Haverá fundamento para determinar o pretendido aditamento: “A R não disponibilizou a totalidade do valor adequado para comprar uma viatura à A.”?
Entendemos que não, pelas seguintes razões.
Primeira, o ponto que a autora pretende ver aditado constitui um raciocínio conclusivo.
Segunda, os factos dados como provados na sentença, concretamente o ponto 23 - Um veculo da marca Scania, modelo do veículo pesado de mercadorias com matrícula 10-…-..., com a quilometragem que este tinha, à data do acidente e com matrícula de 2009/2010, tinha, à data do acidente, o valor entre €20.900 e €22.800– permitiram sustentar o raciocínio da 1ª instância, transcrito pela autora, quando elevou o valor de indemnização pela perda total, em mais 1.758,17€, como decorre do ponto a) do decisório.
Assim, sem necessidade de outros considerandos, conclui-se não haver fundamento para o pretendido aditamento daquele ponto.

Quanto ao primeiro ponto.
Entende a autora/apelante que deve ser aditado que: “A reparação é tecnicamente possível com um custo de €52.425,60.”
Para fundamentar essa sua pretensão de aditamento deste facto, a autora/apelante invoca o depoimento do Sr. Perito e transcreve (apenas) a seguinte passagem do depoimento gravado desse Perito (ponto 114 da alegação):           
“…a minutos 19.36 a minutos diz: “Pergunta do mandatário: A reparação realizada na Scania garante que a viatura fica bem reparada e tem uma garantia?
Obviamente a Scania garante a reparação com os padrões de qualidade do serviço e garantia.”
Não indica qualquer outro meio de prova ou outras concretas passagens do depoimento do Perito.
Pois bem, como é bom de ver, daquele singelo segmento transcrito do depoimento do Sr. Perito não se retira o facto que a autora/apelante pretende ver aditado. Na verdade, a questão que foi colocada ao Sr. Perito e a que ele respondeu, não teve a ver com o concreto veículo de transporte de mercadorias, mas, em abstracto, sobre se as reparações efectuadas pela Scania garantem padrões de qualidade e têm garantia. Nada é mencionado, naquele trecho transcrito do depoimento gravado do Sr. Perito, sobre o valor/custo da reparação ou, sequer, sobre se a reparação é tecnicamente possível. De resto, foram dados como provados pontos de facto que incidem sobre a questão de saber se os danos são tecnicamente reparáveis (ponto 21 dos factos provados) e os respectivos custos (ponto 22). E desse dois pontos de facto, que não foram impugnados, não se retira, antes pelo contrário, o ponto que a autora/apelante pretende ver aditado.
Finalmente, importa salientar que este pretendido aditamento de facto - A reparação é tecnicamente possível com um custo de €52.425,60. – estaria em contradição com o primeiro pedido da ampliação do pedido feito pela autora, em que pretende: - a quantia de €53.235,50 (cinquenta e três mil, duzentos e trinta e cinco euros e cinquenta cêntimos) [e já não €35.683,60], correspondente ao valor da reparação do veículo, de €69.977,00 (e não €52.425,60), deduzido do valor já pago, de €16.742,00;. Na verdade, no pedido ampliado, a autora pretende que a reparação do veículo seja de 69.977€ e afasta o valor de 52.425,60€ que agora pretende ver aditado. Algo confuso (no mínimo) diga-se.
A esta vista, resta concluir que não há fundamento para aditar este facto.
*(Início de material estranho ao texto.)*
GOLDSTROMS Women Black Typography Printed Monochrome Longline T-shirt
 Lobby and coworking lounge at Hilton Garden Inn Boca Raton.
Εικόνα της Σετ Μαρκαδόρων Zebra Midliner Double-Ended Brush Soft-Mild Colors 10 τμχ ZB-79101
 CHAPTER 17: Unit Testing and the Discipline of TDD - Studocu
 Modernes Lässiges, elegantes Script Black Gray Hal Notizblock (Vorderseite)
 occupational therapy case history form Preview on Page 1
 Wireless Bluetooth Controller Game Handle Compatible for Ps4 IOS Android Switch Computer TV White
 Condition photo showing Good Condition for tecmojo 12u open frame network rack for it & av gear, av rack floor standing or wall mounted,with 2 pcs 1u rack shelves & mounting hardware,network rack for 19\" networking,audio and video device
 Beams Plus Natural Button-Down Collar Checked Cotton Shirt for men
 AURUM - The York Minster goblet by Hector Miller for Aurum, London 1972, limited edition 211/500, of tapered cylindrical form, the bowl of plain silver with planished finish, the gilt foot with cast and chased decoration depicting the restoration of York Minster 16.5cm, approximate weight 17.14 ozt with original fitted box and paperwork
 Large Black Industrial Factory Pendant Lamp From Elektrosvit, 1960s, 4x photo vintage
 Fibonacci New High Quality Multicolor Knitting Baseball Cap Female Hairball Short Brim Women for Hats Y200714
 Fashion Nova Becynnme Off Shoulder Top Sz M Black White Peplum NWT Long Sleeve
Em suma: improcede a pretendida impugnação da matéria de facto.

***
3.2- A Revogação da Sentença com condenação da ré no pedido.

Antes de mais, recordemos os pedidos feitos pela autora em ampliação do pedido que foi aceita:
- da quantia de €53.235,50 (cinquenta e três mil, duzentos e trinta e cinco euros e cinquenta cêntimos) [e já não €35.683,60], correspondente ao valor da reparação do veículo, de €69.977,00 (e não €52.425,60), deduzido do valor já pago, de €16.742,00;
-da quantia de €10.591,14, correspondente à indemnização pelos dias de paralisação do veículo, no total de quarenta e dois (42) dias, desde a data do acidente até à data do recebimento da quantia de €16.742,00, à razão diária de €252,17 (valor que já havia sido pedido na petição inicial);
- da quantia de €30.725,26, correspondente à indemnização pelos dias de paralisação do veículo, desde 6/8/2019 até à data da propositura da presente acção, à razão diária de €252,17(valor que já havia sido pedido na petição inicial);
- da quantia de €30.000,00, correspondente à indemnização pelos dias de paralisação do veículo, desde a data da propositura da presente acção, com recurso à equidade;
- do valor do parqueamento da viatura, a liquidar em execução e sentença [e já não na quantia de €3.000,00, correspondente ao valor do parqueamento até à data da propositura da acção];
- do valor do IUC, a liquidar em execução de sentença;
- da quantia de €300,00, a título de despesas com o “abate e venda da viatura” e “despesas e tempo despendido na procura e aquisição de uma nova viatura”, na contratação de “novos seguros e registo da nova viatura”, o que “representa um mínimo 24 horas de trabalho, ou seja, 3 dias de trabalho (8 horas/dia), estimado em €220,00, ao qual acresce o valor do registo automóvel de €80.00;
- dos juros de mora sobre todas as quantias peticionadas, contados até integral e efetivo pagamento, calculados à taxa legal;
- da quantia de €200,00 por dia até ao recebimento do valor da reparação, a título de danos futuros, materiais ou morais, nos quais a autora venha a incorrer, decorrentes do acidente objecto destes autos.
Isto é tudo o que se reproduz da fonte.